> [Supplied data]:
______
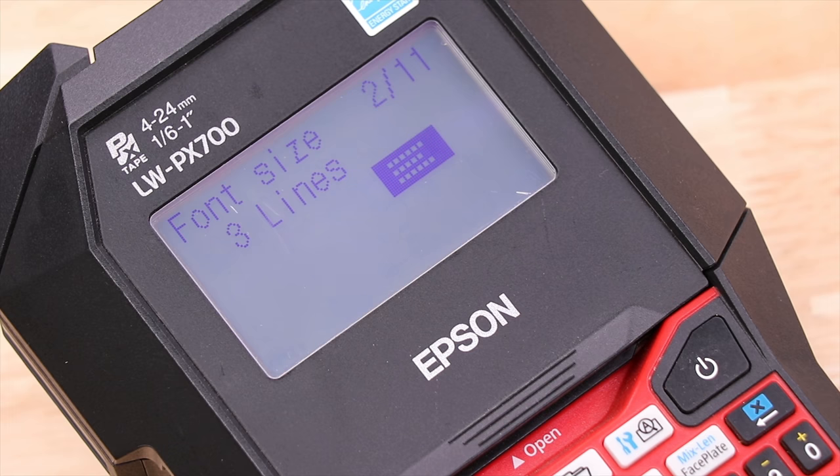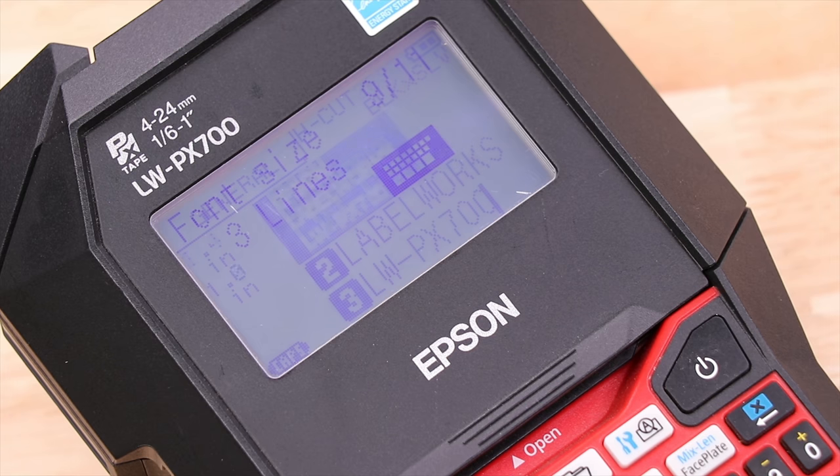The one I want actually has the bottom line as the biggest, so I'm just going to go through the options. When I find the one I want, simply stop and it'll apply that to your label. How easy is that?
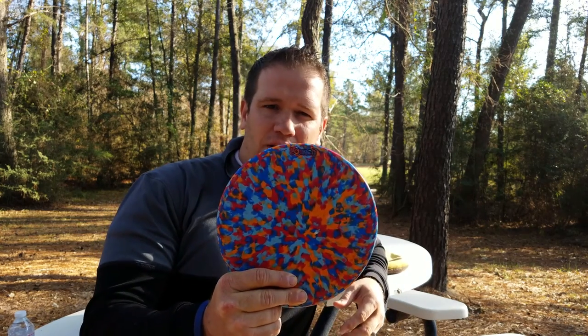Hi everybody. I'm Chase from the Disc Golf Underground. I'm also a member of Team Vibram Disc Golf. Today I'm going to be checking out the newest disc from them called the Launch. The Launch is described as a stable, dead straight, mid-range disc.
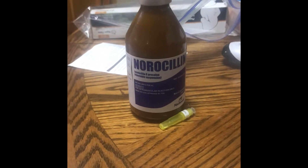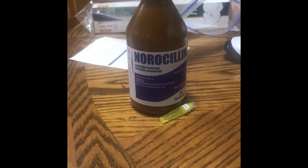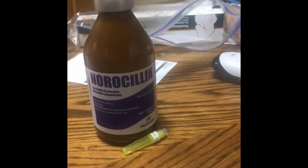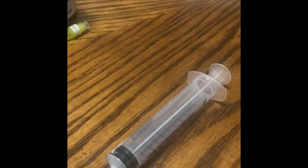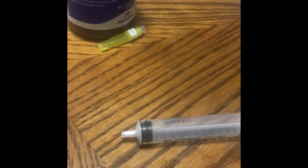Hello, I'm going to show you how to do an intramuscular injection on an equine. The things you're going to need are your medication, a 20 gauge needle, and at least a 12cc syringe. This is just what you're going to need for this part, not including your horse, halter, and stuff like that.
______
> [What the task requires]: Nothing but an exact copy of the data above, minus its pictures, should appear in the response.

> [Finished exercise]:
The one I want actually has the bottom line as the biggest, so I'm just going to go through the options. When I find the one I want, simply stop and it'll apply that to your label. How easy is that?
Hi everybody. I'm Chase from the Disc Golf Underground. I'm also a member of Team Vibram Disc Golf. Today I'm going to be checking out the newest disc from them called the Launch. The Launch is described as a stable, dead straight, mid-range disc.
Hello, I'm going to show you how to do an intramuscular injection on an equine. The things you're going to need are your medication, a 20 gauge needle, and at least a 12cc syringe. This is just what you're going to need for this part, not including your horse, halter, and stuff like that.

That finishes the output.